■ **Supplied data**
━━━━━━━━

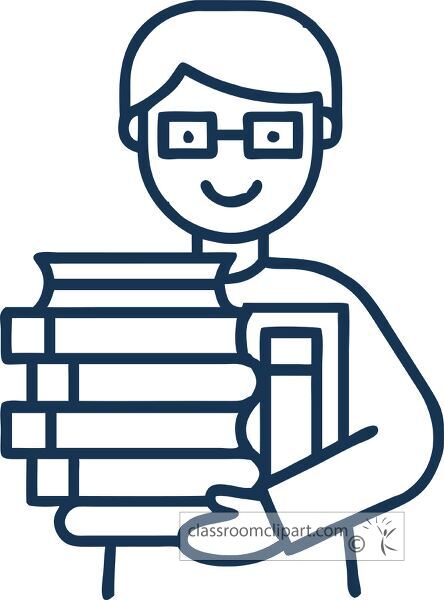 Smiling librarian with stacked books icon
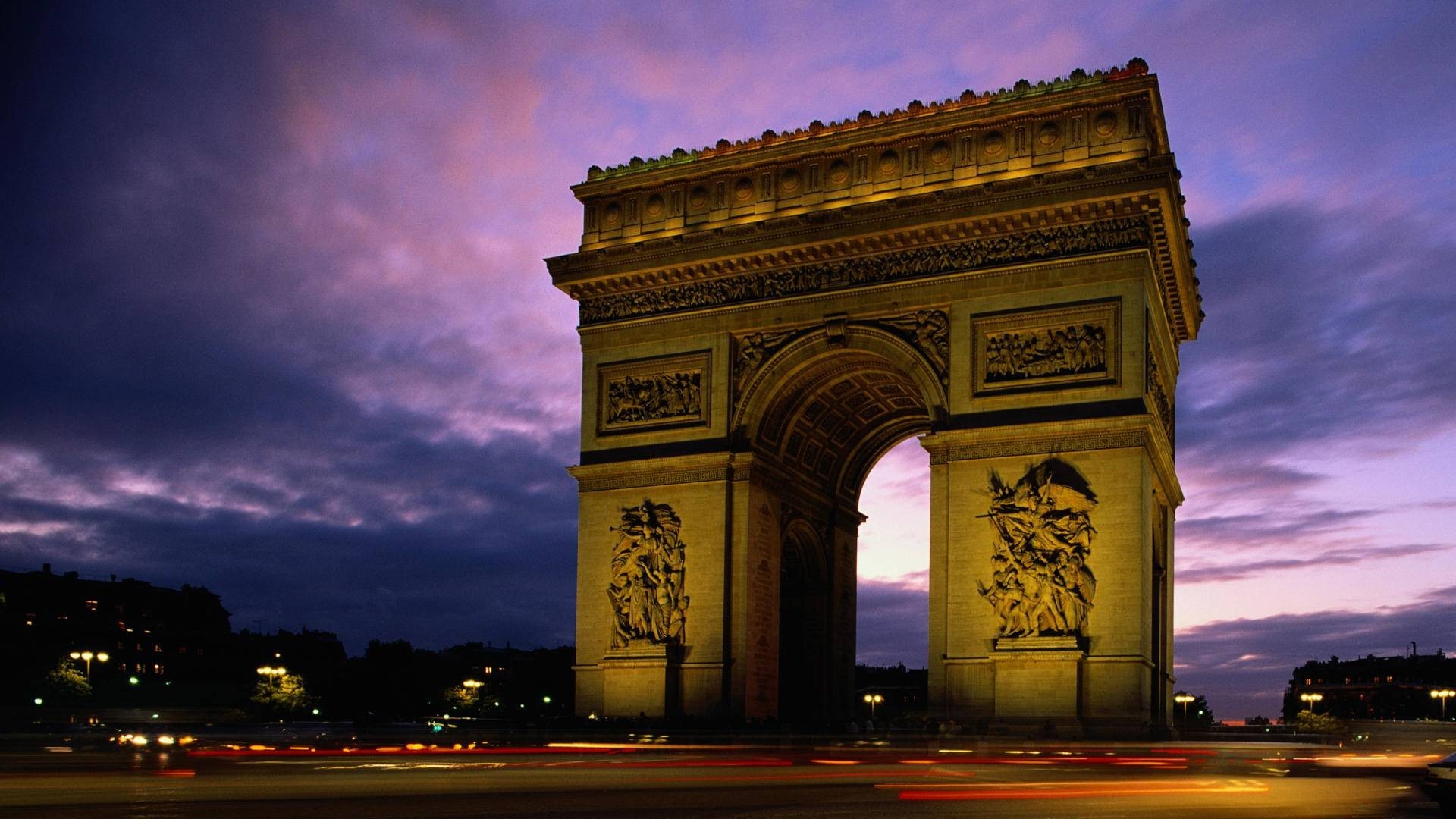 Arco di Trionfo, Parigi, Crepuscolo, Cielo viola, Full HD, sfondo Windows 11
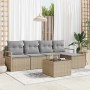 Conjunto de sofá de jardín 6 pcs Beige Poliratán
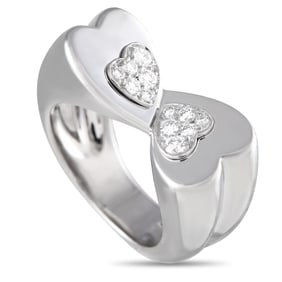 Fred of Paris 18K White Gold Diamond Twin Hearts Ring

━━━━━━━━

■ **Your task**
Find the line containing "Conjunto de sofá" in the listing above. Please restate word for word that line through the last one, leaving out the pictures.

■ **Result for this task**
 Conjunto de sofá de jardín 6 pcs Beige Poliratán
 Fred of Paris 18K White Gold Diamond Twin Hearts Ring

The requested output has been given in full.